Límites de diferenciales de crédito y reevaluación de activos soberanos
En la lógica tradicional del mercado de renta fija, la deuda soberana se considera el punto de referencia para la fijación de precios de activos sin riesgo. Sin embargo, datos recientes de Refinitiv muestran que en el mercado secundario, los rendimientos de algunos bonos corporativos de primera línea de EE.UU. están acercándose o incluso superando intermitentemente a los bonos del Tesoro de EE.UU. de igual plazo. La semana pasada, el diferencial entre el rendimiento de los bonos a 2 años de Apple y los bonos del Tesoro de igual plazo se redujo a 3 puntos básicos, marcando un récord histórico. Este estrecho margen de prima indica que el mercado ha elevado la calidad crediticia de grandes empresas multinacionales a un nivel cuasi soberano o incluso superior al soberano al enfrentar riesgos sistémicos macroeconómicos. Si las fluctuaciones macroeconómicas provocadas por conflictos geopolíticos persisten, esta inversión de diferenciales podría convertirse en la norma en el extremo corto de la curva de rendimientos.
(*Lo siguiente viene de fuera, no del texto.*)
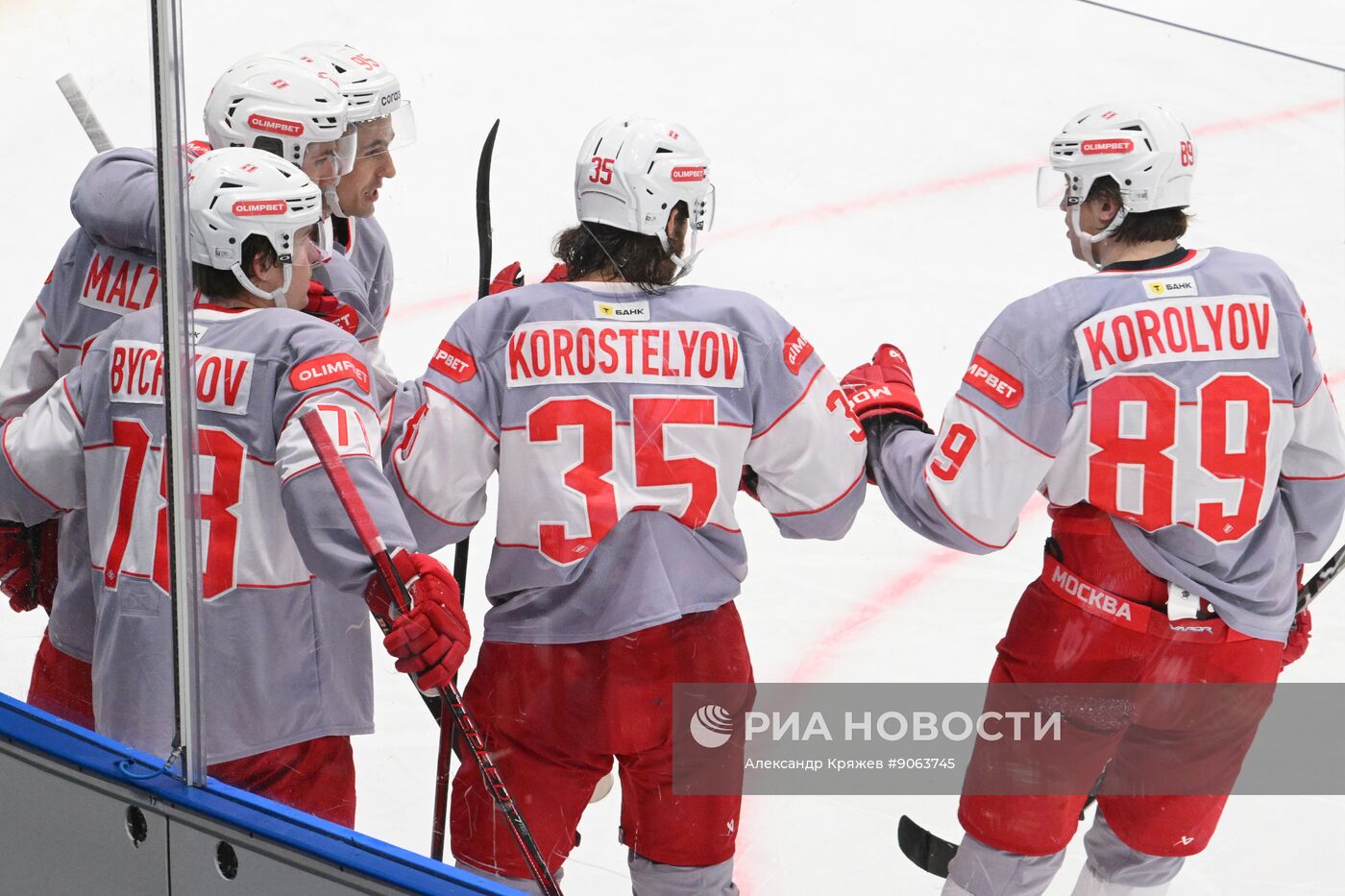 Хоккей. КХЛ. "Сибирь" (Новосибирск) - "Спартак" (Москва)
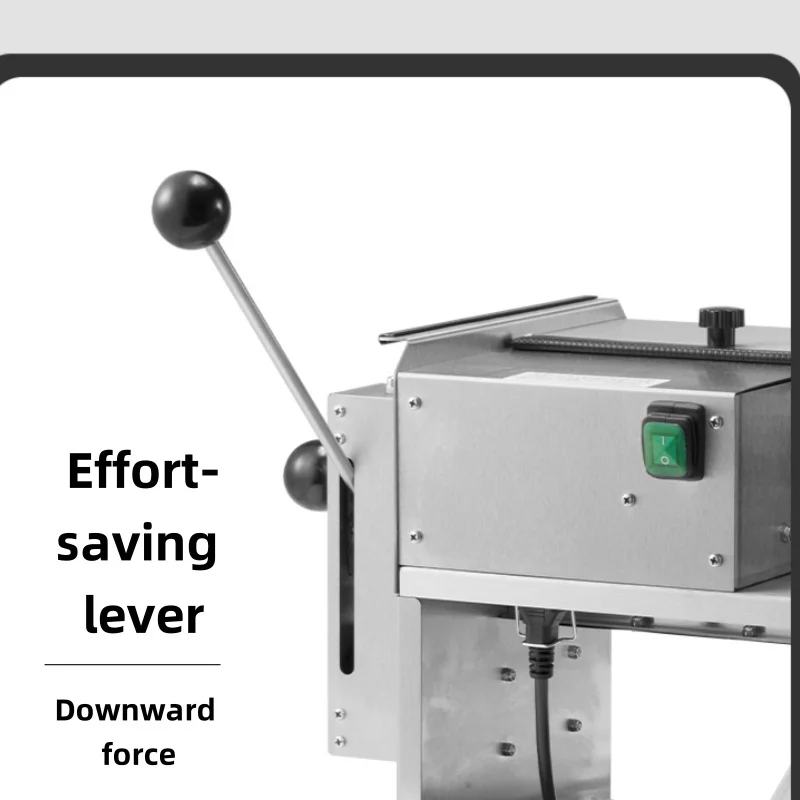 New Stainless Steel Cured Meat And Vegetable Slicer Hand-Operated And Electric Integrated Potato And Tomato Slicing Machine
Mecanismo de deterioro fiscal y márgenes de política de la Reserva Federal
El problema central que ha llevado a una venta marginal de bonos del Tesoro de EE.UU. es el deterioro continuo de la calidad fiscal pública en Washington. Tras múltiples estímulos fiscales a gran escala, la proporción de la deuda federal de EE.UU. respecto al PIB ha alcanzado un máximo histórico del 100%, y el déficit presupuestario actual se mantiene en torno al 6%. A medida que los gastos de intereses se acercan al umbral de 1 billón de dólares anuales, las preocupaciones sobre el exceso de oferta de bonos del Tesoro de EE.UU. y la pérdida de poder adquisitivo están aumentando. Al mismo tiempo, el segundo impacto inflacionario provocado por conflictos geopolíticos está remodelando la trayectoria de la política de la Reserva Federal, haciendo que el rendimiento de los bonos del Tesoro a 2 años supere el 4.00% impulsado por expectativas de subidas de tasas, y el rendimiento de los bonos a 10 años también ha subido por encima del 4.50%, lo que ha reducido aún más el rendimiento de mantener bonos del Tesoro.
Fijación de precios de activos cuasi soberanos y la lógica de "demasiado grande para caer"
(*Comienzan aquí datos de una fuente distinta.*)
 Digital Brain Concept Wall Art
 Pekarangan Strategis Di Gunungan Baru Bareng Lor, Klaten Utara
En el contexto de la intensa carrera armamentista de inteligencia artificial a nivel mundial, gigantes tecnológicos como Microsoft y Apple, aunque enfrentan una ola de gastos de capital en la industria de hasta 800 mil millones de dólares este año, han mantenido una alta resiliencia en su flujo de caja y crecimiento de ganancias. Los analistas del mercado creen que estas superempresas, que se encuentran en la cima del valor de mercado global, debido a su alta monopolización de la industria y barreras tecnológicas, ya poseen un atributo cuasi soberano de "demasiado grande para caer" a nivel macroeconómico. Si estos enormes gastos de capital en IA pueden transformarse en un salto de productividad a largo plazo como se espera, la integridad de los balances de estas empresas se consolidará aún más. Por lo tanto, en un contexto donde las agencias de calificación están despojando al gobierno de EE.UU. de su calificación AAA más alta, el flujo de fondos hacia activos de crédito corporativo AAA restantes como Microsoft y Johnson & Johnson está plenamente justificado.